____ Given records
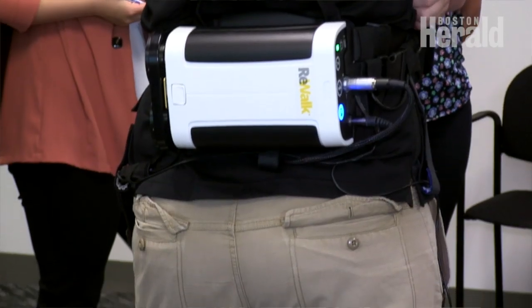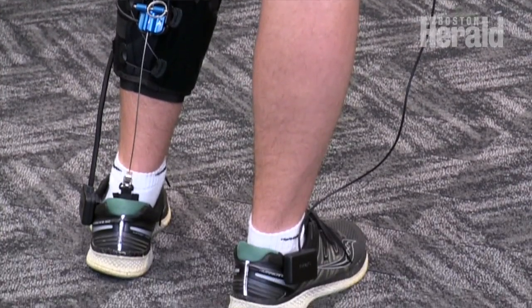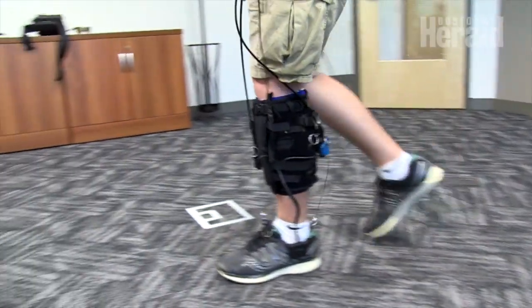We're finally at the point where we can get it to stroke patients — we received our FDA clearance a few weeks back and we're now hitting the ground running to get this out to as many people as possible. Here in the US and also over in Europe, we have clearance for sales to clinics in the range of thirty thousand dollars, a little bit less than that, and we have a few different programs where we can work with people for leasing options.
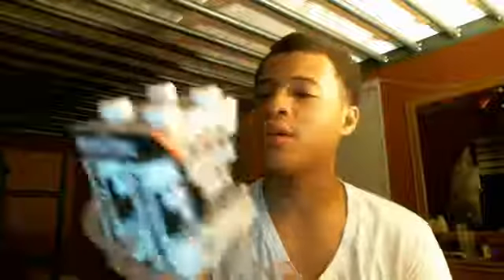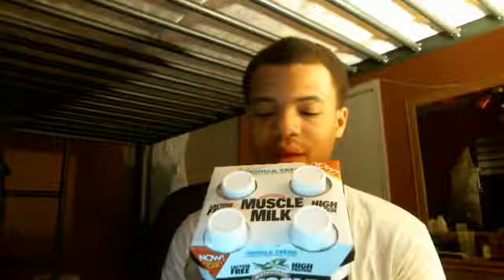It has a resealable cap. You can get this at the store. It's pretty good — 20 grams of protein, 170 calories per container. Good for building muscle.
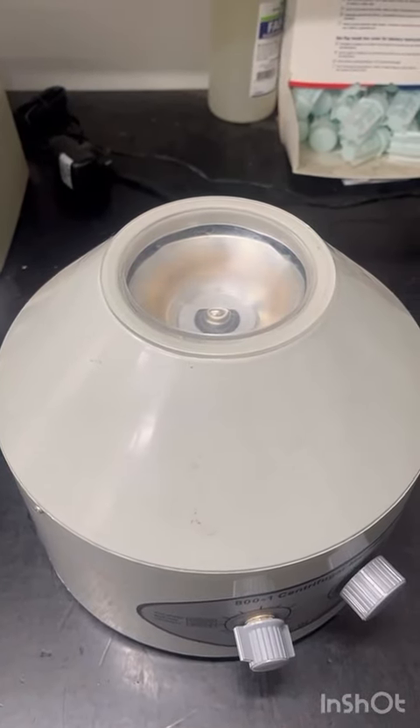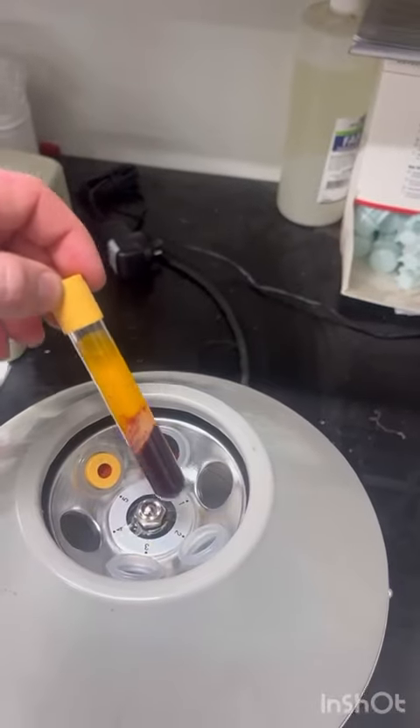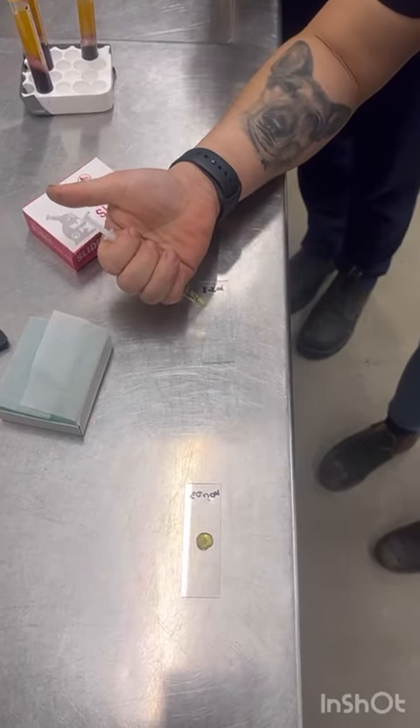So we collect blood from the donor and the patient. We spin the blood down to separate the cells from the serum. Now we need to cross-match to make sure the recipient blood does not have any antibodies that may react with our patient blood.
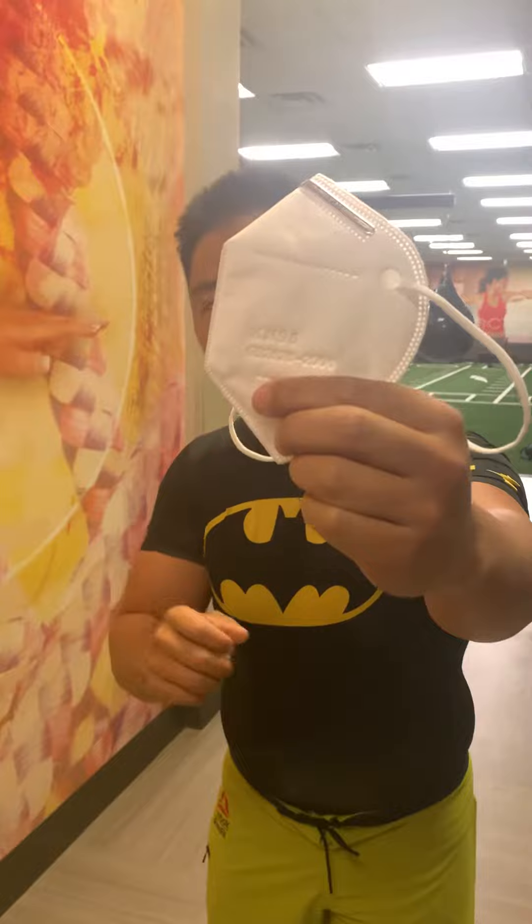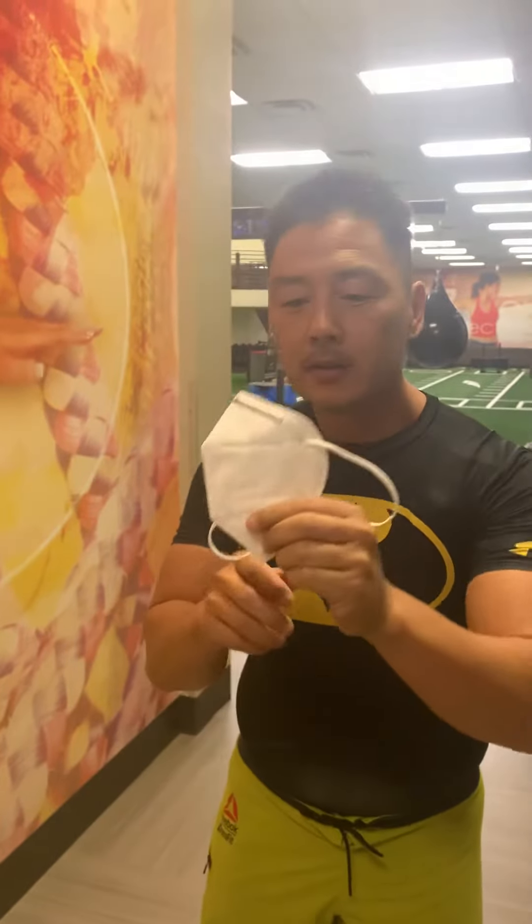This is called the KN95 mask. The '95' means it blocks out 95% of particles — dust, hopefully viruses, and other pathogens.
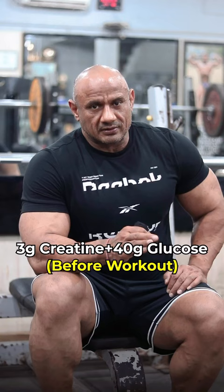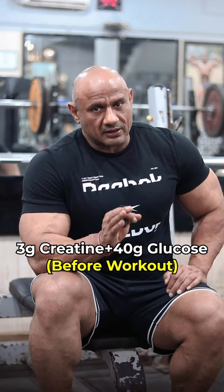Number 2: When do you take Creatine? I prefer that you consume 3 grams before the workout. You consume 30-40 grams glucose, 3 grams Creatine, 40 minutes before the workout. After that, you can use your protein supplements.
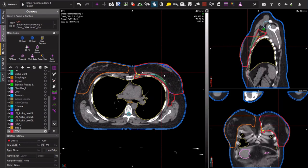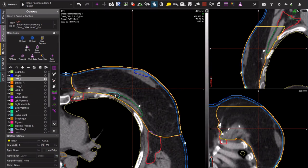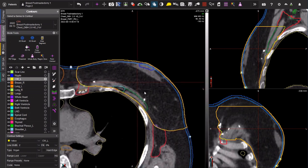You will notice that my chest wall contour shown in yellow is going all the way back to the chest wall. This is what we recommend in post-mastectomy radiation cases. In the post-mastectomy setting, these patients are at higher risk of recurrence and you do want to bring your contour all the way back to the chest wall — behind your pectoralis major and behind your pectoralis minor muscles.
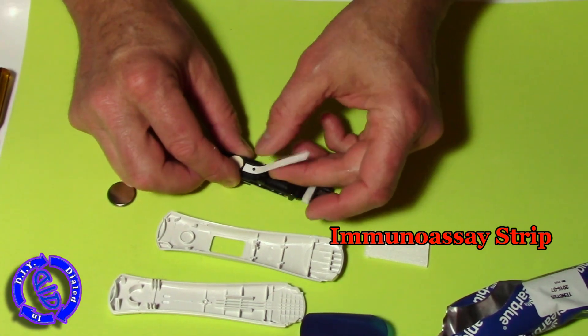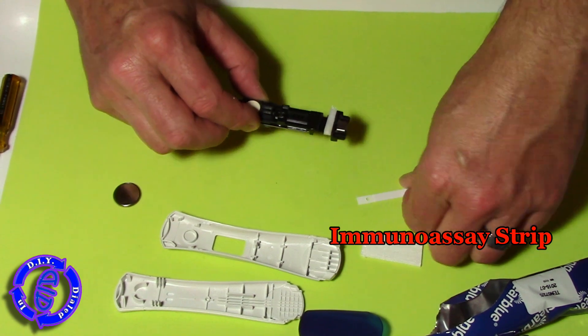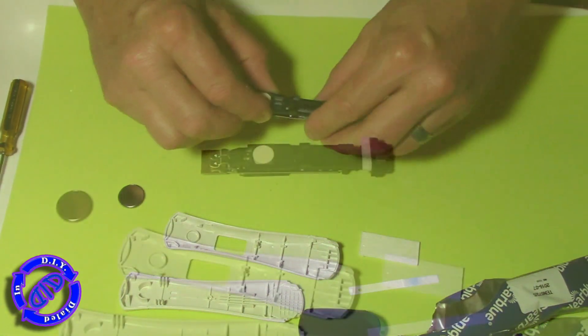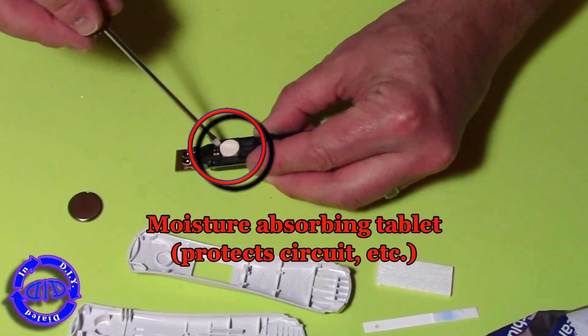And that brings us to the test strip, which is actually coated with monoclonal antibodies that are specific for HCG. This is much like every other pregnancy test out there, and when it gets moist with the right kind of fluid, it will show up with either a positive or negative result.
________
▶ [Exercise brief]: Please repeat exactly the lines from the one containing "It has a resealable" through the end of the entries, both included, omitting pictures.

▶ [Task answer]:
It has a resealable cap. You can get this at the store. It's pretty good — 20 grams of protein, 170 calories per container. Good for building muscle.
So we collect blood from the donor and the patient. We spin the blood down to separate the cells from the serum. Now we need to cross-match to make sure the recipient blood does not have any antibodies that may react with our patient blood.
This is called the KN95 mask. The '95' means it blocks out 95% of particles — dust, hopefully viruses, and other pathogens.
Number 2: When do you take Creatine? I prefer that you consume 3 grams before the workout. You consume 30-40 grams glucose, 3 grams Creatine, 40 minutes before the workout. After that, you can use your protein supplements.
You will notice that my chest wall contour shown in yellow is going all the way back to the chest wall. This is what we recommend in post-mastectomy radiation cases. In the post-mastectomy setting, these patients are at higher risk of recurrence and you do want to bring your contour all the way back to the chest wall — behind your pectoralis major and behind your pectoralis minor muscles.
And that brings us to the test strip, which is actually coated with monoclonal antibodies that are specific for HCG. This is much like every other pregnancy test out there, and when it gets moist with the right kind of fluid, it will show up with either a positive or negative result.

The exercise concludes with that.